Appendix N — Appendix: Wold’s theorem

N.1 Wold’s theorem - (extra curricular) circa 1939

Whenever we talk about innovation in the TS course we are alluding to Wold’s theorem, which is a fundamental result in time series analysis that provides a representation of stationary time series as a sum of deterministic and stochastic components.

I researched this appendix to understand the Moving Average (MA) representation of the AR(p) process, which is a key result in this course. I think that this short appendix help provide a historical perspective on the development of time series analysis and helps other students put this and some other more esoteric concepts within a historical rather than seeing them in a purely mathematical context.
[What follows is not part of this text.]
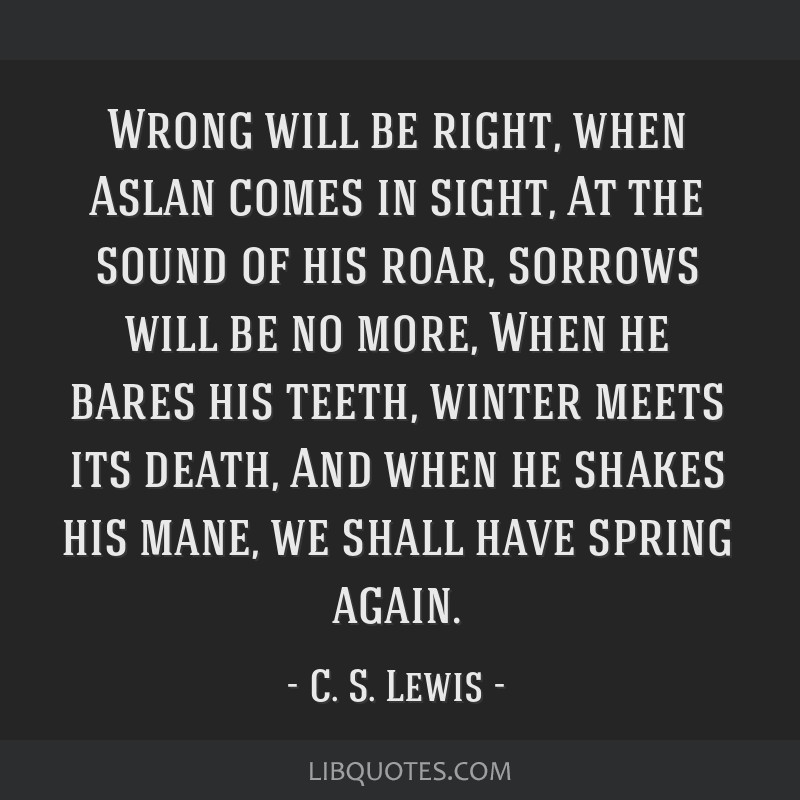 Wrong Will Be Right, When Aslan Comes In Sight, At The Sound of His Roar,  Sorrows Will Be No More, When He Bares His Teeth, Win - jazzied1113 -  Wattpad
I found that this approach helped me to understand and remember many results in a number of fields like geometry Ostermann and Wanner (2012), analysis Hairer and Wanner (2008), Ebbinghaus and Ewing (1991), complex analysis Remmert and Burckel (2012) integration Bressoud (2008) and algebra Golan (2012)

In the 1920s George Udny Yule and Soviet economists Eugen Slutsky were researching time series and they came up with two different ways to represent a time series.

Yule’s researches led to the notion of the autoregressive scheme. \begin{aligned} Y_{t} & = \sum _{j=1}^{p} \phi _{j} Y_{t-j} + u_{t} \end{aligned} \tag{N.1}
Slutsky’s researches led to the notion of a moving average scheme. \begin{aligned} Y_{t} & =\sum _{j=0}^{q} \theta _{j} u_{t-j} \end{aligned} \tag{N.2}

we can use the two schemes together and get the ARMA(p,q) model:

\begin{aligned} Y_{t} & = \sum _{j=1}^{p} \phi _{j} Y_{t-j} + u_{t} + \sum _{j=0}^{q} \theta _{j} u_{t-j} \end{aligned} \tag{N.3}

where:

The following is due in part to Wikipedia contributors (2025)

Wold’s decomposition AKA called the Wold representation theorem states that:

Every covariance-stationary time series Y_{t} can be written as the sum of two time series, one deterministic and one stochastic.

Formally:

\begin{aligned} Y_{t} & =\sum _{j=0}^{\infty } \underbrace{b_{j}\varepsilon _{t-j}}_{\text{stochastic}} + \underbrace{\eta _{t}}_{\text{deterministic}} \\ &= \sum _{j=0}^{\infty } b_{j}\varepsilon _{t-j} + \phi_{j} y_{t-j} \end{aligned}

where:

{Y_{t}} is the time series being considered,
{\varepsilon _{t}} is an white noise sequence called innovation process that acts as an input to the linear filter {\{b_{j}\}}.
{b} is the possibly infinite vector of moving average weights (coefficients or parameters)
{\eta _{t}} is a “deterministic” time series, in the sense that it is completely determined as a linear combination of its past values It may include “deterministic terms” like sine/cosine waves of {t}, but it is a stochastic process and it is also covariance-stationary, it cannot be an arbitrary deterministic process that violates stationarity.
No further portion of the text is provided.